Despite the achievements of SSL models in various speech tasks, there are only limited research and analysis about SSL models and their representations. All previous works focus mainly on the performance of different layers or types of models [16, 17, 18, 19]. There is currently no research on how the SSL model stores such complex speech information in representations. In this work, we choose speaker information as the entry point to demystify the SSL model. Instead of layer-wise analysis like in previous works, we propose to analyze the speaker information through the position of the waveform. The way SSL models store speech information into different parts of an utterance hasn’t been studied well. We hypothesize that the SSL model may keep different types of information in different positions, helping the model better disentangle and store various speech information.

We adopt Speaker Identification (SID) task to measure speaker information in the representations. We first find that SSL model tends to store speaker information in the last fragment, which contains more silence. We then further analyze the relationship between the percentage of silence and SID accuracy. To our surprise, the amount of silence in utterances is highly correlated with accuracy on the SID task, which means that silence has some relationship with speaker information for the SSL model. To get more evidence, we add silence in utterances, split them into fragments, and use only one fragment to train the SID task at a time. We find that the fragment corresponding to the silence part can get the highest score among all fragments. Besides, we can get better accuracy in the SID task by simply adding silence during training. All the evidence points out that silence will help the SSL model store speaker information. To the best of our knowledge, this is the first work using position information to analyze the representation characteristic of the SSL model in speech and explore the storage mechanism of the SSL model.

Refer to caption — Figure 1: (a) Experiment structure in Section 3 and Section 4.2. The dotted square represent the silence fragment, which is added only in Section 4.2. The input of the downstream model is the weighted sum of the HuBERT representations. (b) Experiment structure in Section 4.3. The downstream model takes only one fragment as input at a time.

2 RELATED WORK

According to the success of the SSL model in recent years, there are more and more papers trying to analyze the key to the success of the SSL model. However, the current papers which analyze the SSL model mainly focus on the text field [20, 21, 22, 23, 24, 25, 26]. For example, [27] analyzes how attention maps in BERT process linguistic knowledge. As for [28], this paper focuses on how the SSL model learned the language information during the training process. There are still seldom papers contributing to the study of the SSL model in the speech field.

There are two research directions in the limited papers for analysis of the speech SSL model.
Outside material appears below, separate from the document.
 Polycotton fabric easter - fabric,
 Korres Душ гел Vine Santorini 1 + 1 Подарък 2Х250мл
The first direction is comparing speech SSL models by training criteria. [16] shows that training criteria have a high relationship with the performance of downstream tasks. The second direction is to study the SSL model from the perspective of content. For example, [17] uses Canonical Correlation Analysis (CCA) to investigate which information is encoded by each layer of the SSL model. Inspired by these prior works, we want to explore the logic behind the SSL model. However, unlike previous works, we mainly focus on investigating how the information is stored in representations of the SSL model and how the input waveform will cooperate with the SSL model.

3 WHERE IS THE SPEAKER INFORMATION

Some previous works have shown that SSL models tend to store speaker information in the middle layers [18, 19]. However, how the information is stored in different positions within an utterance remains unexplored. In this section, we first analyze the importance of representations from different positions for the SID task.
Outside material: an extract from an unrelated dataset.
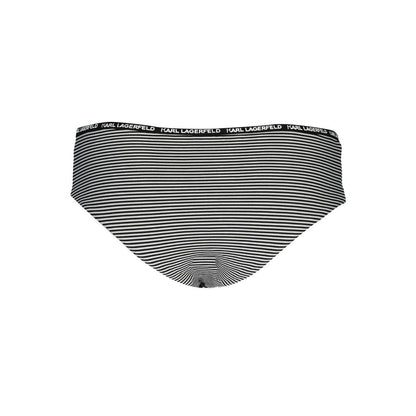 Black Elastane Swimwear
The setup of the SID task here is modified from SUPERB [15]. We follow the setting in [15] to split the VoxCeleb dataset [29] into training and testing sets. We use HuBERT as the upstream model. Unlike the experiments in the SUPERB benchmark, to analyze each layer, we use a single layer representation instead of the weighted sum of all layers.

In the original setting of the SID task in SUPERB, the downstream model is a pooling layer and a liner layer. Here we modify the pooling layer to further investigate whether SSL models store speaker information in all representations equally. The modified SID process is shown in Figure 1(a). We first equally segment the sequence of representations from a specific layer in the upstream model into 10 fragments. We do mean pooing among the frame-level representations in each fragment to obtain a representation for each fragment $f_{i}$ ( $i=1$ to $10$ ). Then we assign a learnable weight $w_{i}$ to the $i$ -th fragment, which is learned with the downstream model. We multiply the representation of each fragment by the learnable weight, and all the fragment representations are added to obtain a single representation $f$ for the whole utterance:

f=\sum_{i=1}^{10}w_{i}f_{i}

(1)

Such a design allows us to observe whether representations in different positions of an utterance have various contributions to SID. If a specific fragment has a larger weight than the others, we can hypothesize that it is more critical to the SID task.

However, it does not always mean that the corresponding fragment is critical if we only consider the absolute value of its weight. If a fragment’s representation has small values, its weight may become large to balance the small values in the representation. Therefore, we consider the values of weights and representations together and introduce norm weight $\bar{w}_{i}$ to indicate the importance of a fragment. The main idea of norm weight $\bar{w}_{i}$ is multiplying the learnable weight $w_{i}$ for each fragment with the L2 norm of the fragment’s representation $\|f_{i}\|$ .

\bar{w}_{i}=w_{i}\|f_{i}\|

(2)

Figure 2 shows the average of the norm weights $\bar{w}_{i}$ of the fragments across the testing set. For a reasonable comparison between utterances, we normalize the sum of all norm weights in the same utterance to 1 before taking the average. We find that the last fragment of the waveform always contributes the most among all the fragments. After investigating the property of the last fragment, we find that the last fragment contains higher portions of silence than other fragments.

To further verify that the observation is only caused by the content rather than the order of the fragments, we randomly perturb the order of the fragments in each testing utterance and evaluate them with the same trained downstream model. Figure 3 shows the results. All utterances perform the same perturbation. After the perturbation, the original last fragment (fragment 10) is swapped to the middle of the utterance while still having the highest norm weight. The other perturbed fragments also remain weights close to the original values, showing that it is not the position but the content of a segment that affects its norm weight. Based on the finding, we hypothesize that silence fragments may be more related to the storage of speaker information.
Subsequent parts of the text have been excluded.